Time-Warner cable experienced an outage in Internet access two weeks ago in New York that lasted almost a full day. The service is a joint-offering with Earthlink, so it is not clear where the blame goes. Such large scale service failures can happen: a number of undersea cables were cut in the Middle East, affecting net access in Egypt among other countries. The fact that this can happen in Manhattan of all places is another story. But even more disconcerting is the way Time-Warner believe customers should be compensated: by offering a refund for a single day which amounts to roughly 3% off the monthly bill. TW/Earthlink is trying to price reliability here, and that have significantly undervalued it.
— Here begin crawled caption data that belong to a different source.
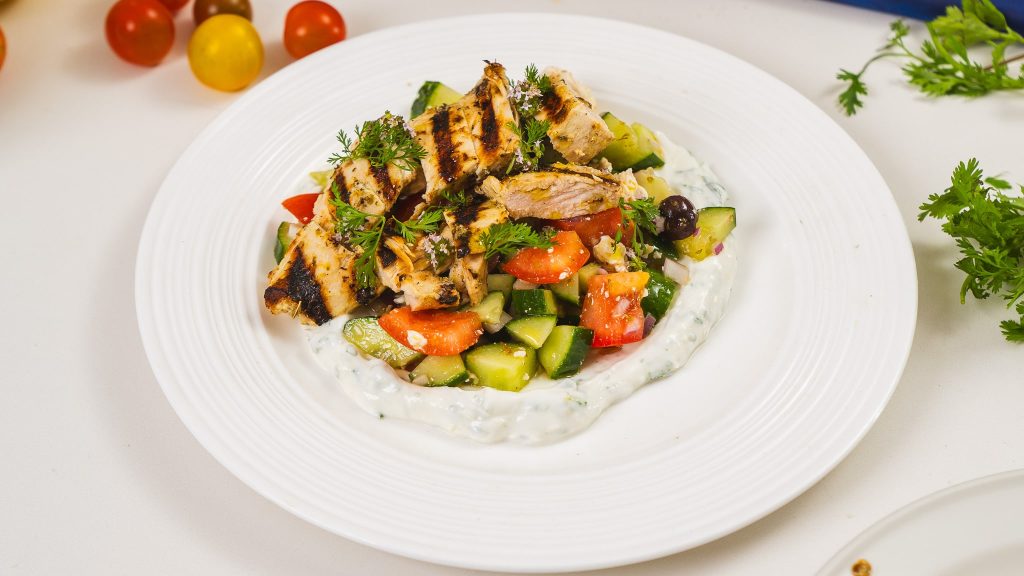 grilled chicken on greek salad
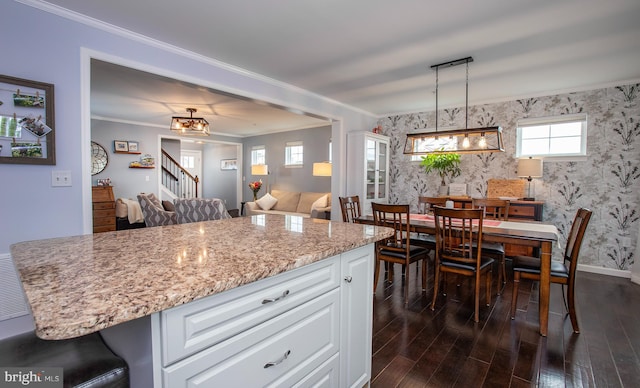 kitchen with dark wood finished floors, white cabinetry, crown molding, wallpapered walls, and light stone countertops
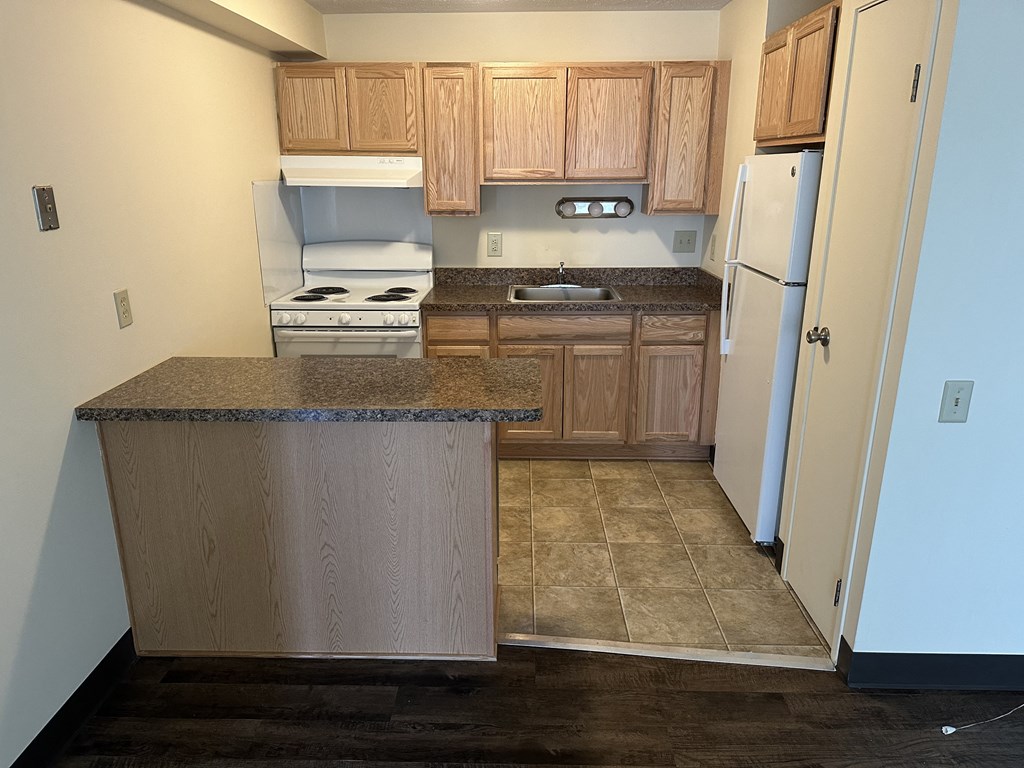 an empty kitchen with wooden cabinets and a white refrigerator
No service can guarantee 24/7 uptime. But a service that is advertised with availability 99.999% of the time is not simply worth just another 2.999% over one that only works 97% of the time. It is far more valuable because at that limit diminishing returns have kicked in. Adding one more nine to the availability number requires a lot of investment. As the service-level guarantee increases, the system designers must contend with increasingly esoteric and improbable events. A very simplified example: a RAID array can ensure that a computer will survive a single drive failure– an event that happens with disturbingly high frequency for machines that are running under load all the time– by using multiple drives as redundancy. So if disks are fail 1% of the time and this is the most likely problem, 99% uptime is achieved by investing in improved storage solutions. But suppose there is a smaller 0.1% chance that the entire data-center can go up in smoke or the power can fail longer than the on-site generators can compensate. This is a lower probability event but being prepared is more difficult. Adding more drives does not help because their failures are correlated. The same fire will take out all of them. Dealing with the less likely but more catastrophic event calls for building a brand new data center some place else and adding software logic to handle fail-over in case of an outage in the primary site, a much more expensive proposition.
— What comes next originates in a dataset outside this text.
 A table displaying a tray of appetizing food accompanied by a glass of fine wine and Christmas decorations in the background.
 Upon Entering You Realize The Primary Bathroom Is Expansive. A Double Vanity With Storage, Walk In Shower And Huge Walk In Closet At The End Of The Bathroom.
Time-Warner assumed that if customers are paying $30 for an almost always reliable service, they should have no problem paying a few percent less for one that experiences a massive outage every month. In fact Internet access advertised up front as working only 97% of the time would be worth much less and provide stronger incentives for customers to switch to an alternative such as fiber to the home.
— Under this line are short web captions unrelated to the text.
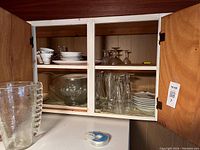 Wide shot of cabinet contents showing various glassware and ceramic items on shelves, including pitcher, punch bowl, plates, and teacups.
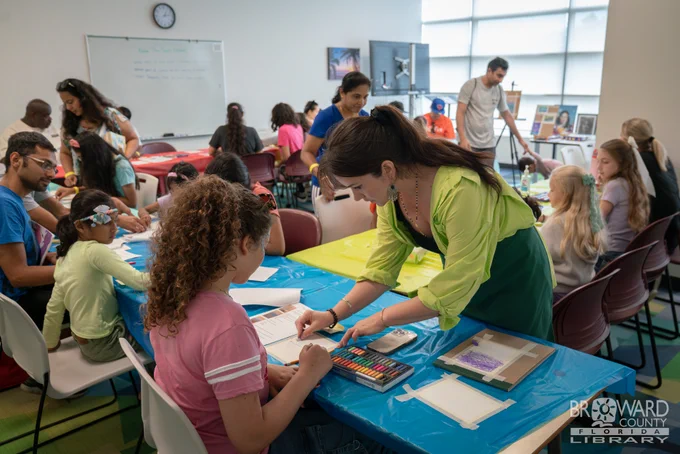 An illustrator helping a child with their artwork during a crowded drawing seminar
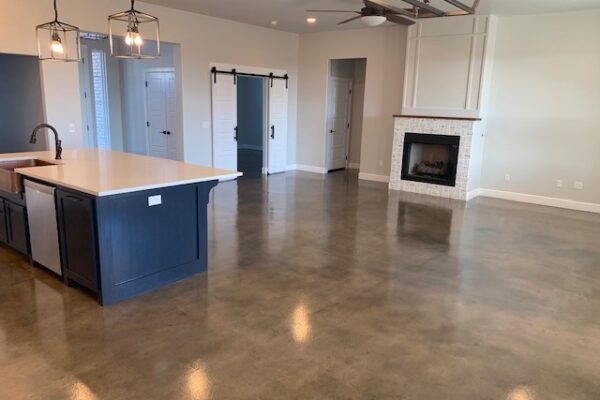 Living room concrete floor beautifully stained with Stormy Gray, Driftwood, and Charcoal Vibrance Dye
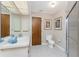 Bathroom showcasing a tiled floor, toilet, and a sink with a large mirror at 11453 Oceanspray Blvd, Englewood, FL 34224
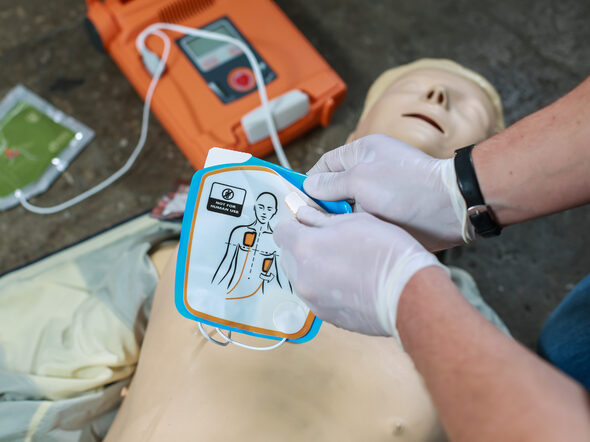 Training mit einem automatischen Defibrillator an einer Puppe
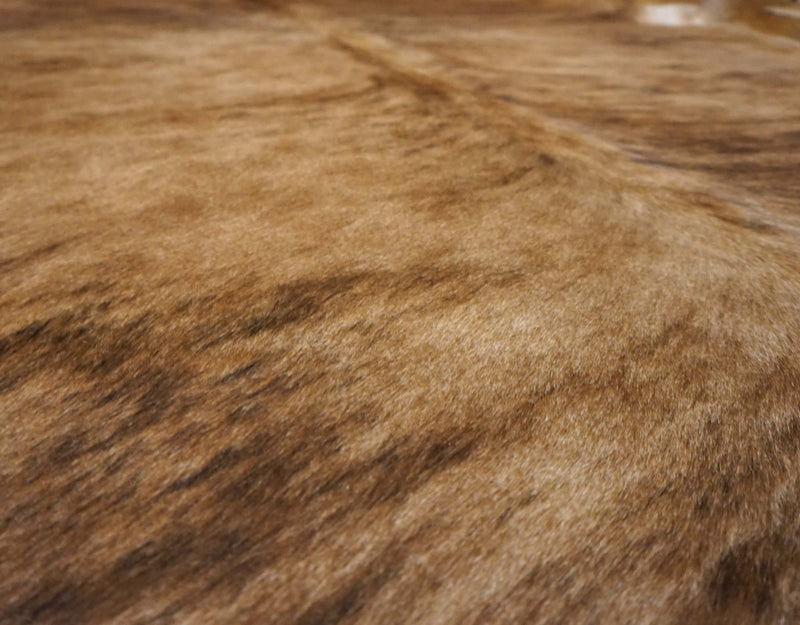 brown cowhide rug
Update: TW/Earthlink experienced another outage on Friday. This time they were apparently prepared: customers calling the support number were greeted with an automated recording announcing that New York was experiencing service problems. Meanwhile the otherwise reliable Verizon wireless access card had crawled to a halt when this blogger pressed it into service as a back-up, probably because other users had the same idea and Verizon did not expect to become the alternative broadband provider for a chunk of Manhattan.